In this insightful discussion between Dr Eline Naert, a medical oncologist from Ghent University Hospital and Prof Evandro de Azambuja, medical oncologist from the Institut Bordet, Brussels, the focus revolves around the evolving role of anthracyclines in early breast cancer. The discourse unfolds as a critical analysis of their applicability across different subtypes.
For luminal breast cancer, the historical use of anthracyclines faces a re-evaluation. Recent trials, indicate comparable outcomes between anthracycline and non-anthracycline regimens for patients with high genomic scores or high mamma print. With a concern for cardiotoxicity, the prevailing sentiment leans towards non-anthracycline chemotherapy, particularly in cases with one to three positive lymph nodes.
Shifting the spotlight to triple-negative breast cancer, a consensus emerges in favour of anthracycline inclusion, given the absence of contraindications. The neoadjuvant Keynote 522 regimen, intertwining paclitaxel, carboplatin, anthracycline, and pembrolizumab, provides a clear directive. However, in the adjuvant setting, the decision to employ anthracycline is contingent on tumour size, with T1c tumours still meriting consideration.
HER2-positive breast cancer echoes the luminal paradigm, emphasising anti-HER2 treatment over chemotherapy. The neoadjuvant setting largely avoids anthracycline use, opting for a regimen with docetaxel, carboplatinum, trastuzumab, and, if necessary, pertuzumab.

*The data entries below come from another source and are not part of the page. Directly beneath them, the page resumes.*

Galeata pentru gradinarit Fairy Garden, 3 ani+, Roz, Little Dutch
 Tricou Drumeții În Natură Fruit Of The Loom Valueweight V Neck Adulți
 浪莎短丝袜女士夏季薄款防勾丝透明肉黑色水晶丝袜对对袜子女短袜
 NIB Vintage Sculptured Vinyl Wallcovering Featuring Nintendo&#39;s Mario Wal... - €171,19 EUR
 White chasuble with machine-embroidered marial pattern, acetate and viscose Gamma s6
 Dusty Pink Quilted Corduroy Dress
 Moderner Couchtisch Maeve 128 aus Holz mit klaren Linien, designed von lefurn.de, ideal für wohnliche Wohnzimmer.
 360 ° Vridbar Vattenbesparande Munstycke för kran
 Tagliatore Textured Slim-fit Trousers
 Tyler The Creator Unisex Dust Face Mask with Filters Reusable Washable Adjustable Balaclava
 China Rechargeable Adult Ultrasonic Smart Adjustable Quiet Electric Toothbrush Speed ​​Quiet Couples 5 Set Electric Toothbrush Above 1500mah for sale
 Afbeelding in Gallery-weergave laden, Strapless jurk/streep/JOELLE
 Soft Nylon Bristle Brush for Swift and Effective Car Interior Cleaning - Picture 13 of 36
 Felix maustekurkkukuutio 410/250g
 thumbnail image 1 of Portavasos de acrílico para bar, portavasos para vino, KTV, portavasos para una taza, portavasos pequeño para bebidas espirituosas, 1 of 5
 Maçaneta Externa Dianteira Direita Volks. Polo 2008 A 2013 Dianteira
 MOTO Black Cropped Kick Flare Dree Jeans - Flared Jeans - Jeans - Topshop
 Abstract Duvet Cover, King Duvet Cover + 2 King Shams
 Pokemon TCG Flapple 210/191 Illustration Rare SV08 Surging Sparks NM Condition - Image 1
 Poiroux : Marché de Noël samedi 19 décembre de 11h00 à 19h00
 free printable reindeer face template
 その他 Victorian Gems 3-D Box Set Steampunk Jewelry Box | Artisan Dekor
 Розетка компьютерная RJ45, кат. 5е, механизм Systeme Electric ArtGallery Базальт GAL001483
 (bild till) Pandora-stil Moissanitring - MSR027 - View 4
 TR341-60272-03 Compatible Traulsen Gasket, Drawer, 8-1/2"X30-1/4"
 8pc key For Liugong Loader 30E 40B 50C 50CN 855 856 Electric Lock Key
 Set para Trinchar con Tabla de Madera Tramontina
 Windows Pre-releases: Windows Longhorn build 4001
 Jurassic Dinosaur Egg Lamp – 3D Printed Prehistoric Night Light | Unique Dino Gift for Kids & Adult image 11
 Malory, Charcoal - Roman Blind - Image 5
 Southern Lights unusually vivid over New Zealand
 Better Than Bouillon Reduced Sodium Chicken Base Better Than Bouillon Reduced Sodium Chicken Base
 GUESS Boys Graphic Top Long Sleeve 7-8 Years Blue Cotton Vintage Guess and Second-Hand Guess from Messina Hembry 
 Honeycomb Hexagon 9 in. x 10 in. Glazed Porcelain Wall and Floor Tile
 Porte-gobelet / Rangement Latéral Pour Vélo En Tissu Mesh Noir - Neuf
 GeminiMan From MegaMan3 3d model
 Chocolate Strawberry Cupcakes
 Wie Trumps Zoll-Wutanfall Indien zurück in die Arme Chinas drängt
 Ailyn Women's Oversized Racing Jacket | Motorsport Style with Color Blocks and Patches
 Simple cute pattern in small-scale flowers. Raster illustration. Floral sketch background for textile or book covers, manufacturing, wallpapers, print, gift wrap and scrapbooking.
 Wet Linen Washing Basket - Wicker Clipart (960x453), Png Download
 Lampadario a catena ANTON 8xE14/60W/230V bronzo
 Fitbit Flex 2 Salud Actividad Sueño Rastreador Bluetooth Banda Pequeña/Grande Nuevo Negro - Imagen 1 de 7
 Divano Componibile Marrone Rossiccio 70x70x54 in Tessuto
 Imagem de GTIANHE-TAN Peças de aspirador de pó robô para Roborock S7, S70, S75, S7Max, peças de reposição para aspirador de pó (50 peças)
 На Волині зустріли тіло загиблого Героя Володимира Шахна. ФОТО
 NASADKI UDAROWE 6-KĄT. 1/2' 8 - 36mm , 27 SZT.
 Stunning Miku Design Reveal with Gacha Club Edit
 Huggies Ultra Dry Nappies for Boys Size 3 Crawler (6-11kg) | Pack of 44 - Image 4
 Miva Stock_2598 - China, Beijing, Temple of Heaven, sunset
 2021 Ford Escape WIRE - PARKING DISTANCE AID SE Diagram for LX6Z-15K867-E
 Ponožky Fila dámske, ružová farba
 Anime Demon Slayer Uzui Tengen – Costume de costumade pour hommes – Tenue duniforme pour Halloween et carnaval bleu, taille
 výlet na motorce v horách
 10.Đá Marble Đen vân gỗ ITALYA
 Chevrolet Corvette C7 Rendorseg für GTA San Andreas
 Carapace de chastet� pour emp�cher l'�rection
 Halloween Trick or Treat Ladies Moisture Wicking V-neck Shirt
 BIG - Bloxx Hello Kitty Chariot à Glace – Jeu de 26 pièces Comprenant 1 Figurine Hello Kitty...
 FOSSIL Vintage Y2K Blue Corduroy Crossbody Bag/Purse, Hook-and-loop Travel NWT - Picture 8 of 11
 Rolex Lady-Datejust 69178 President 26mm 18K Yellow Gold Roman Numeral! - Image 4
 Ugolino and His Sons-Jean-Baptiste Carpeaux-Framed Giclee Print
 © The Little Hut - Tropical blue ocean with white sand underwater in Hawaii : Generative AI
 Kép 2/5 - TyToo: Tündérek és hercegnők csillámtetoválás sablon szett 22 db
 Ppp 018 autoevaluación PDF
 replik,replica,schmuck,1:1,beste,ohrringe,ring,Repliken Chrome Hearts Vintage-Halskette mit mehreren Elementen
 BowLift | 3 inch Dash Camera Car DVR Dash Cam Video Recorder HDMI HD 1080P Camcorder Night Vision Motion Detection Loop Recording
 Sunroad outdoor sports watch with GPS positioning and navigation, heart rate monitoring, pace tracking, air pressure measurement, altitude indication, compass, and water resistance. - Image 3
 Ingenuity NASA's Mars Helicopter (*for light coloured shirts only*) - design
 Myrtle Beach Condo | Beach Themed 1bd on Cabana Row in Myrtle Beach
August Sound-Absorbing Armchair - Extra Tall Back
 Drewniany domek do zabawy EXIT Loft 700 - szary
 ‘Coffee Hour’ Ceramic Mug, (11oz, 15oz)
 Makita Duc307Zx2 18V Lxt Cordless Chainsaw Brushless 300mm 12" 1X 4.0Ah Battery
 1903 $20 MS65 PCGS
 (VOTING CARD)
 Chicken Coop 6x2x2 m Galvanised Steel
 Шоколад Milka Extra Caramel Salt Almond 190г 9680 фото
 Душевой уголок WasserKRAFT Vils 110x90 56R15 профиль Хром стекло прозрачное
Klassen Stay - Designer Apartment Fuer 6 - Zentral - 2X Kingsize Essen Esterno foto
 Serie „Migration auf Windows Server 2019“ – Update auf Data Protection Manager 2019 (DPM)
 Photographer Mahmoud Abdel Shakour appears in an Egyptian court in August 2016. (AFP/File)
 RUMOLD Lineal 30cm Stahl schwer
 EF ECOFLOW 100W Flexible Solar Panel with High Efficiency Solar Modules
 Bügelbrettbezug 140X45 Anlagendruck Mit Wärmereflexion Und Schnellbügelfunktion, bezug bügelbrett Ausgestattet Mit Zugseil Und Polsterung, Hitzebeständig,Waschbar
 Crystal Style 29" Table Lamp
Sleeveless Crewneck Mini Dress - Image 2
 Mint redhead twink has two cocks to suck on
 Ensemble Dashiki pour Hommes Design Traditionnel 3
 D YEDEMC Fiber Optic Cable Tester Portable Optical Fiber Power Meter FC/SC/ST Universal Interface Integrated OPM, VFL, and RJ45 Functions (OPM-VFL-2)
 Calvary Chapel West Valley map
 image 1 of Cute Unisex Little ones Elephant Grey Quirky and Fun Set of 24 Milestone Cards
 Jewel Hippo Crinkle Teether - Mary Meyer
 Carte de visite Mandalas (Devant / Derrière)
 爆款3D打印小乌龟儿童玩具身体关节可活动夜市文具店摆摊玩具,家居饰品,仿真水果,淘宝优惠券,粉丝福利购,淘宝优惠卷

In the adjuvant setting, tumour size dictates the approach, with T1abc tumours favouring non-anthracycline regimens.
The incorporation of anthracyclines prompts a vigilant stance against cardiotoxicity. Collaborative efforts with cardiologists, guided by risk assessments and adherence to guidelines, become pivotal. Preventive measures, such as beta-blockers, ACE inhibitors, or statins, are considered for those at intermediate or high risk.
The discourse culminates in a contemplation of managing ER-low patients, constituting 1-9% ER-positive tumour cells. The prevailing trend leans towards treating them in line with triple-negative breast cancer, especially for larger tumours, utilising chemotherapy with pembrolizumab. Anthracycline use in this subset is nuanced, contingent on the extent of disease and patient characteristics.